Cover for the 50th Anniversary 4K version of Children Shouldn't Play with Dead Things, which is a painting of the various children and dead things that can be described as outsider art at best

The zombie makeup is good and, as I mentioned, plentiful, done by lead actor Alan Ormsby. And the movie looks great for its budget, even if it’s often impenetrably dark, even in a nice 4K restoration from VCI. But where the film is strongest is when it’s just the crew of weirdos bickering and wandering around, before the dead ever rise from their graves. That’s, in part, what makes Children Shouldn’t Play with Dead Things so incredible.

Like a lot of low budget horror movies, Children Shouldn’t Play with Dead Things centers on a group of bickering “friends” who head out to an island because one of their number has decided to dig up a corpse and do some Satanic magic to raise the dead. In this case, our gaggle of soon-to-be victims are a theatre troupe and their diva of a director, who seems to have brought them to the island purely to make their lives miserable.

In most such situations, the cast is a bunch of annoying and boring people, ostensibly so that you’re looking forward to their demise. But Clark shows his aptitude for capturing the humanity in just about everyone, and the moments spent watching the troupe pick their way through the graveyard – the director delivering his pompous monologues with relish while the others relish taking the wind out of his sails just as much – are the movie at its most enjoyable. While Alan Ormsby’s director is an absolute weasel of a human being, he’s never anything but a joy to watch.

And that is the genius of Children Shouldn’t Play with Dead Things. Sure, it turns into a superior cut-rate zombie picture before the end, but even in the run-up it’s a fairly accurate portrait of what macabre weirdos like us got up to – or imagined ourselves getting up to – in the days before we had the internet to distract us. Sure, my friends and I never disinterred a corpse in order to raise the dead, but I’m not going to pretend like we didn’t talk about it, and if we never got around to it, well, it’s mostly because we were too lazy and disorganized.

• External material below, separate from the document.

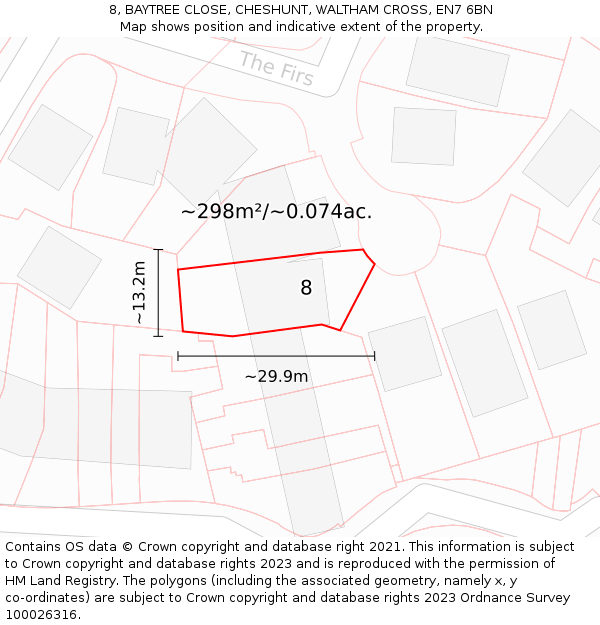 8, BAYTREE CLOSE, CHESHUNT, WALTHAM CROSS, EN7 6BN: Plot and title map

There’s thematic density here, too, beyond “let’s hang out with a bunch of weirdos in a foggy cemetery at night” (as if that’s not plenty). Zombie films are notorious for being able to support just about any metaphorical reading you want to layer onto them, and by the time Children Shouldn’t Play with Dead Things hit screens, George Romero had already made zombies the de facto most political of all horror staples. Which should then perhaps make it no surprise that Children Shouldn’t Play with Dead Things is ultimately a film about being underemployed and having to put up with a shitty, abusive boss – something that we can all relate to, even if we’ve never raised the dead.